Grundsätzlich gib es einige Anforderungen die der Forderungsverkäufer erfüllen muss, um ein interessanter Kandidat für das Factoring-Unternehmen zu sein. Die Forderungen müssen natürlich frei von Rechten Dritter sein. Ebenfalls müssen sie bei ihrer Entstehung der Höhe nach einwandfrei feststehen. Die Kunden sollten einer Risikobewertung standhalten und die Laufzeit der zu verkaufenden Forderungen eine gewissen Maximalzahl an Tagen nicht überschreiten. Sind diese Grundlagen gegeben, bzw. als positiv bewertet, so kann das Factoring beginnen.

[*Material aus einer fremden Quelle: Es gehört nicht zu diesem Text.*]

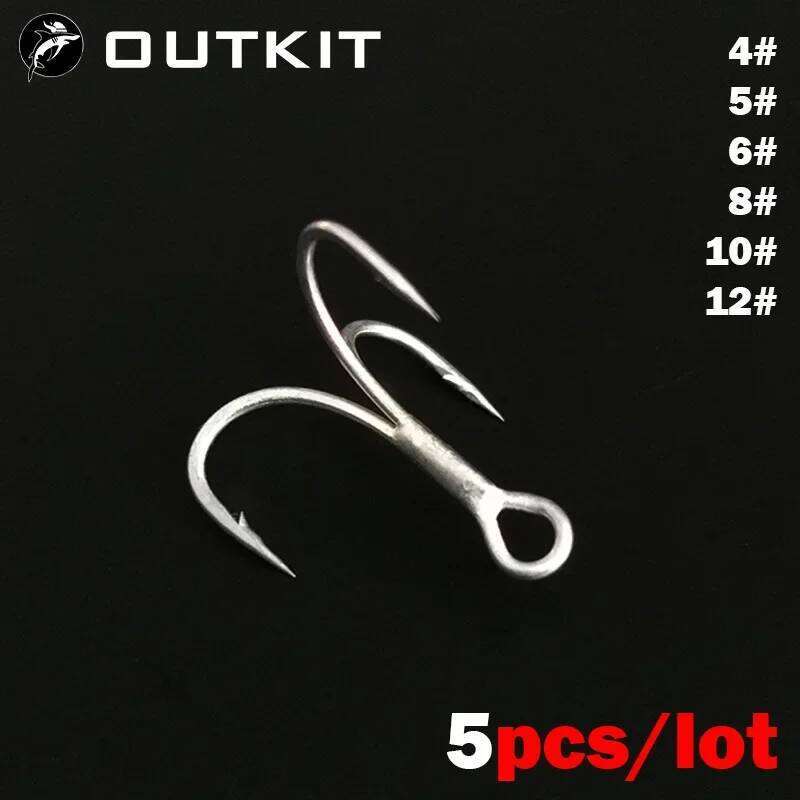 OUTKIT 5pcs/box 6066-3x-NP Strengthen Super Strong Twins Steel Alloy Sharp Lure Treble Tackle Hook Fishing Box Z260228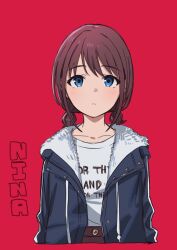 Rule 34 | 1girl, arms at sides, blue eyes, blue jacket, brown hair, character name, closed mouth, clothes writing, cropped torso, girls band cry, highres, iseri nina, jacket, light blush, long sleeves, open clothes, open jacket, red background, shirt, shirt tucked in, short hair, short twintails, simple background, solo, straight-on, teshima nari, twintails, upper body, white shirt
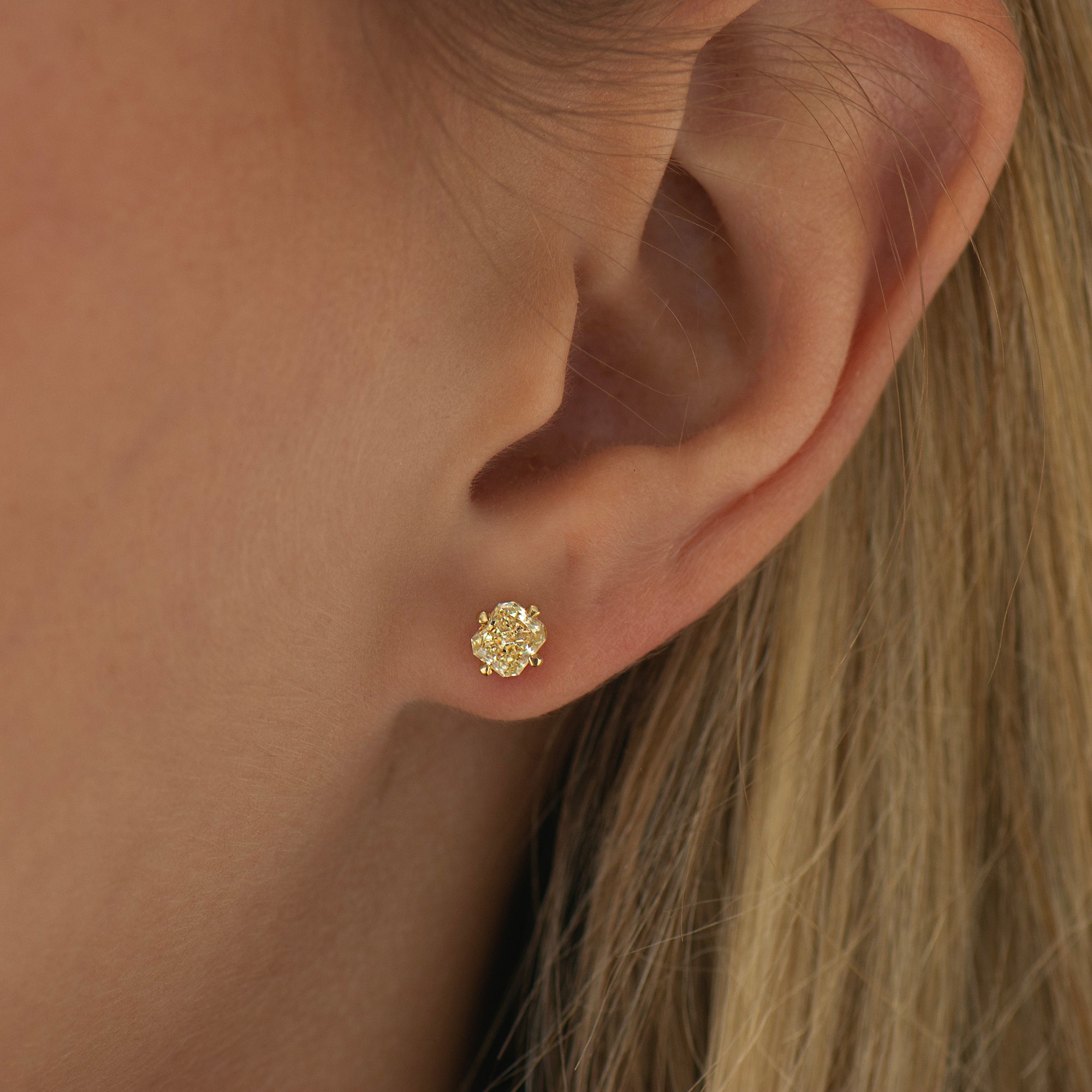 Radiant Yellow Diamond Earrings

Kommt es nun zum Factoring so stellt der Factor dem Factoringnehmer sofort nach Rechnungsstellung den vom Kunden geforderten Betrag zur Verfügung, was zu einer höheren Liquidität und einer besseren Planbarkeit der Geschäftsprozesse des Factoringnehmers führt. Weiterhin können so für das Unternehmen eigentlich nicht tragbare Zahlungsziele mit den Kunden vereinbart werden, die vielleicht sonst die Zusammenarbeit sogar abgelehnt hätten. Hinzu tritt, dass Factoring geeignet ist, die Liquiditätsdisposition und die Finanzplanung des Forderungsverkäufers zu präzisieren, weil die Unwägbarkeiten des Forderungseingangs entfallen.

Das Reverse-Factoring – Absicherung für Lieferant und Abnehmer

Beim Standard-Factoring geht es gemeinhin um die Minderung des Risikos eines Zahlungsausfalls bei Lieferanten. Aber auch für die Abnehmer von Waren oder Dienstleistungen gibt es eine wirksame Form des Factoring, die auch diesen eine Bilanzentlastung und damit neue Möglichkeiten zur Entwicklung durch frei werdende Ressourcen schafft. Um eine Bilanzentlastung des Lieferanten, sowie des Abnehmers zu erreichen gibt es vor allem für Exportgeschäfte die sehr zu empfehlende Alternative des Reverse-Factoring. Diese stellt mit ihrem Ansatz beide Teilnehmer der Wertschöpfungskette zufrieden.

Beim Reverse-Factoring handelt es sich um ein sozusagen „umgekehrtes“ Factoring. Umgekehrtes Factoring hilft vor allem kleinen und mittleren Unternehmen bei der im Einkauf strategisch wichtigen Gestaltung flexibler Zahlungsziele. Ausgangspunkt ist in diesem Fall der Abnehmer, der auf diese Weise in den Genuss längerer Zahlungsziele gelangt. Er schließt mit der Factoringgesellschaft einen Rahmenvertrag zur Vorfinanzierung der Forderungen des Lieferanten durch den Factor. Im Gegensatz zum klassischen Verfahren, bei dem der Factor von seinen Kunden Forderungen gegenüber deren Abnehmern ankauft und vorfinanziert, zielt Reverse-Factoring also auf die Lieferantenseite. Lieferant und Factoring-Gesellschaft unterzeichnen daraufhin ihrerseits einen ergänzenden Vertrag, der lediglich die Forderungen gegenüber dem Initiator umfasst. Die Factoring-Gesellschaft überweist den entsprechenden Betrag sofort bei Erhalt oder bei Fälligkeit der Rechnung an den Lieferanten. Zum Zeitpunkt des Erreichens des Zahlungsziels zahlt der Abnehmer die Summe sowie die Kommission und die Zinsen an den Factor. Somit schließt sich der Kreis und auch der abnehmende Partner von Ware oder Dienstleistung sichert sich durch diese Form des Factoring ab. Heute hat sich internationales Reverse-Factoring zu einem bedeutenden Zahlungsinstrument im Außenhandel entwickelt.